:: Listed records

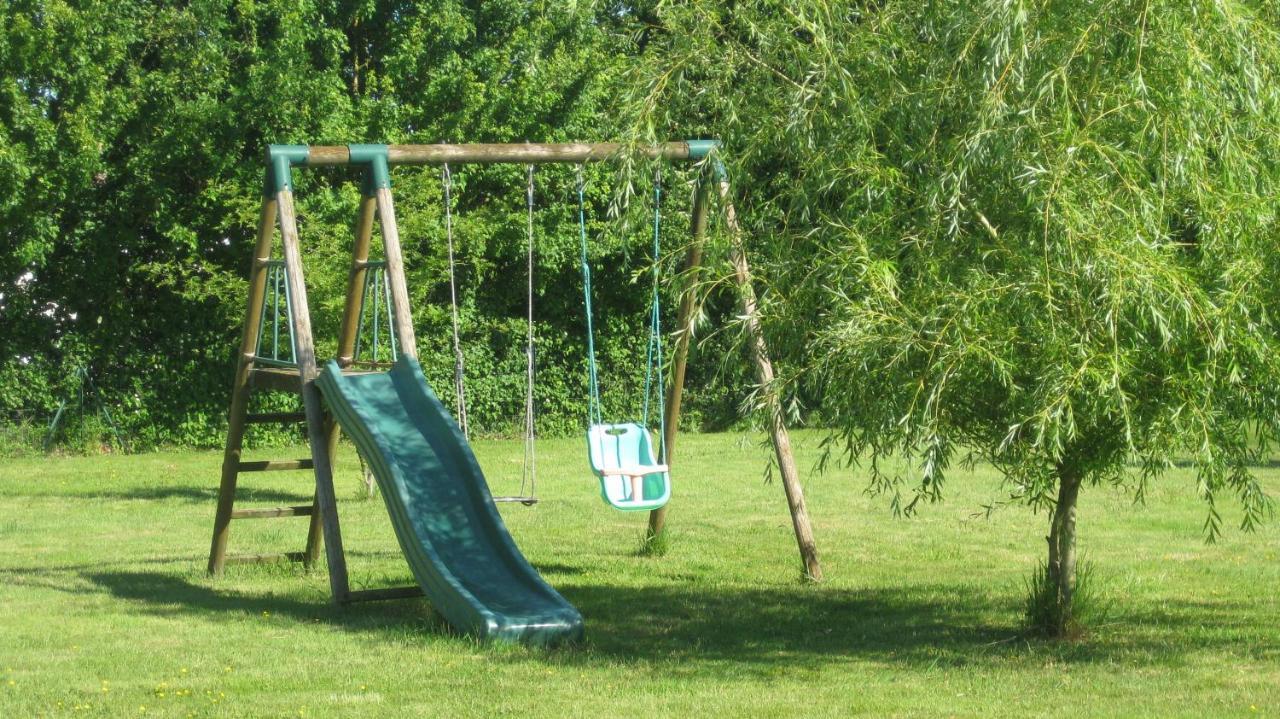 Bed and Breakfast Les Croisettes Le Pin  Екстер'єр фото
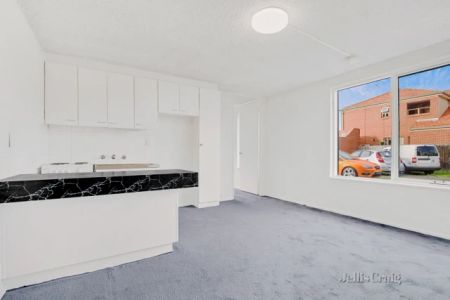 2/326 Plenty Road, Preston, Melbourne - Photo 4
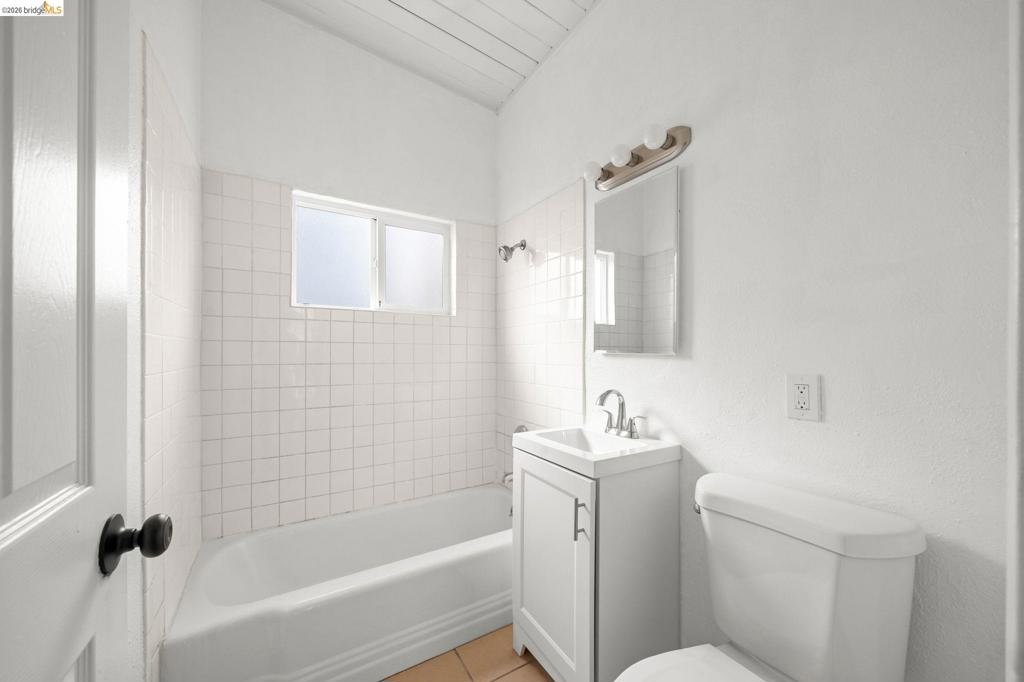 4501 Taft Ave Property Photo 19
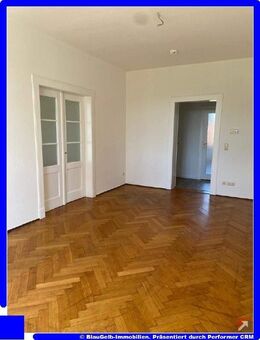 3-Raum-WE mit Balkon im 30er Jahre Stil - Leipzig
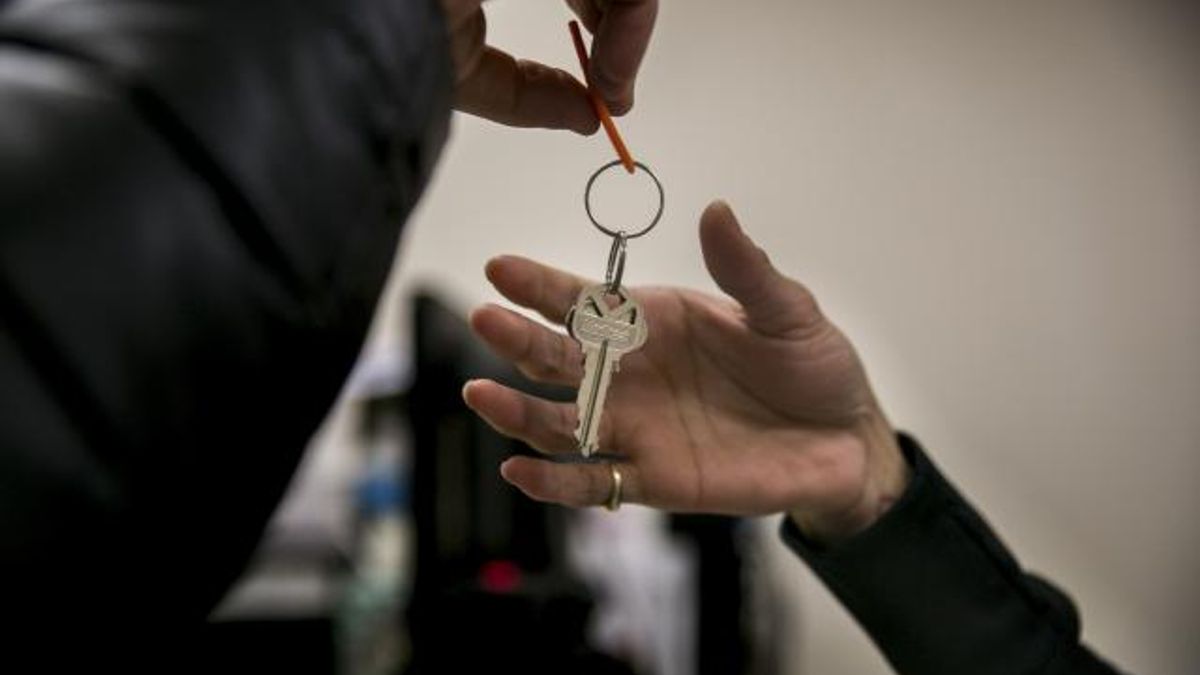 Homelessness, Step by Step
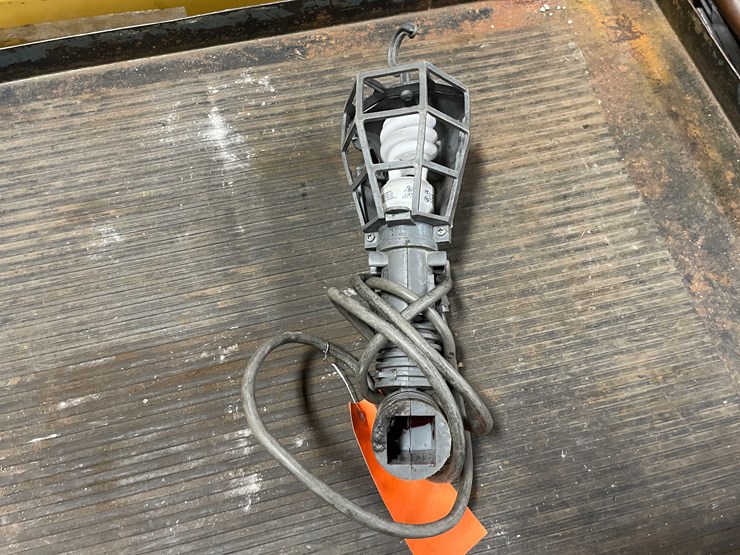 #2049-•-misc.-auto-items-(pr18)-image-8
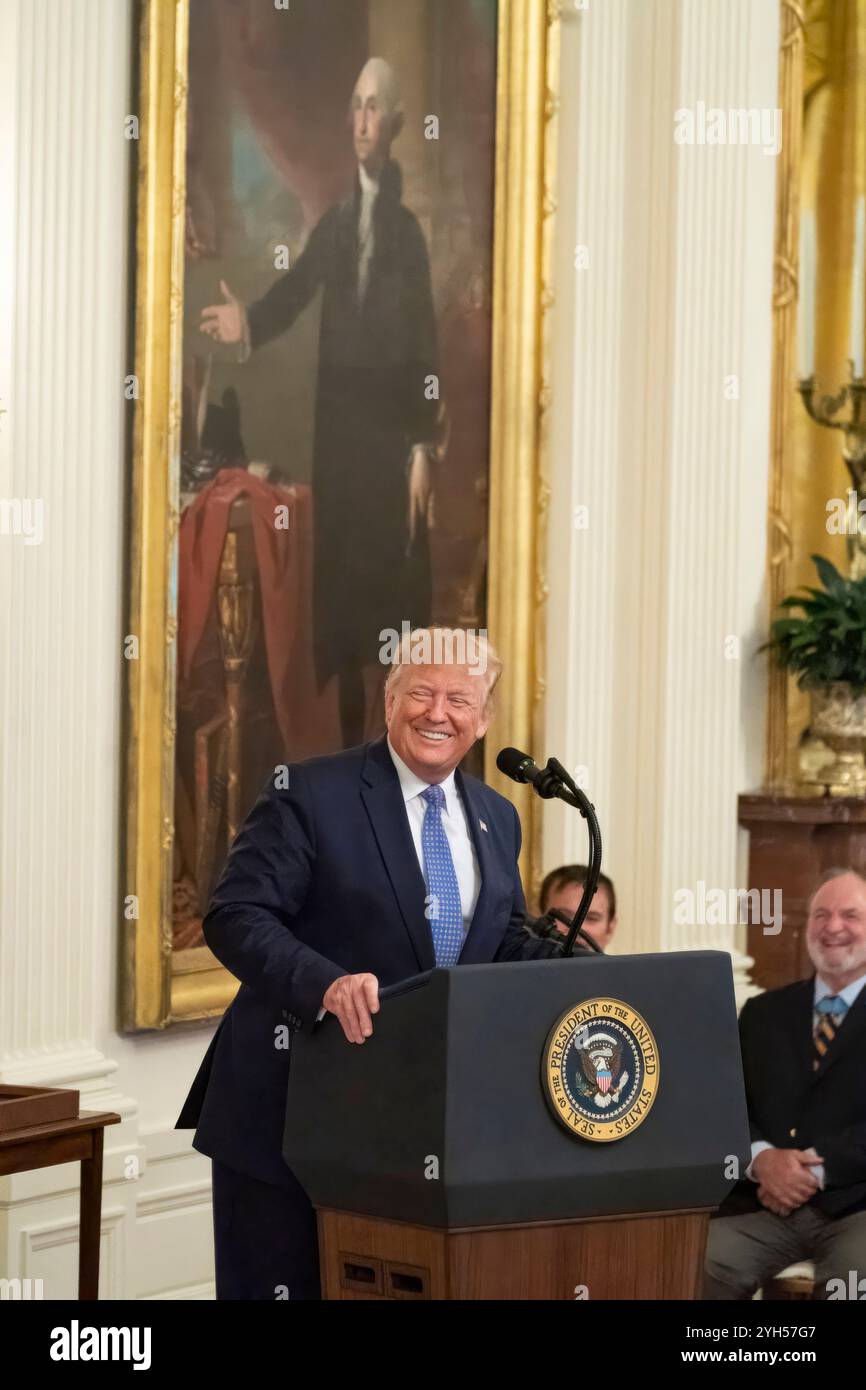 Washington, Stati Uniti d'America. 25 giugno 2019. U. Il presidente Donald Trump, pronuncia le sue osservazioni prima di presentare la Medal of Honor al sergente David Bellavia, in pensione, durante una cerimonia nella sala orientale della Casa Bianca, il 25 giugno 2019 a Washington, DC. Bellavia ha ricevuto il più alto riconoscimento delle nazioni per le azioni intraprese durante la seconda battaglia di Fallujah. Credito: Joyce Boghosian/foto della Casa Bianca/Alamy Live News Foto Stock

::::

Leave the pictures aside and give every entry above again word for word.

Answer box |
 Bed and Breakfast Les Croisettes Le Pin  Екстер'єр фото
 2/326 Plenty Road, Preston, Melbourne - Photo 4
 4501 Taft Ave Property Photo 19
 3-Raum-WE mit Balkon im 30er Jahre Stil - Leipzig
 Homelessness, Step by Step
 #2049-•-misc.-auto-items-(pr18)-image-8
 Washington, Stati Uniti d'America. 25 giugno 2019. U. Il presidente Donald Trump, pronuncia le sue osservazioni prima di presentare la Medal of Honor al sergente David Bellavia, in pensione, durante una cerimonia nella sala orientale della Casa Bianca, il 25 giugno 2019 a Washington, DC. Bellavia ha ricevuto il più alto riconoscimento delle nazioni per le azioni intraprese durante la seconda battaglia di Fallujah. Credito: Joyce Boghosian/foto della Casa Bianca/Alamy Live News Foto Stock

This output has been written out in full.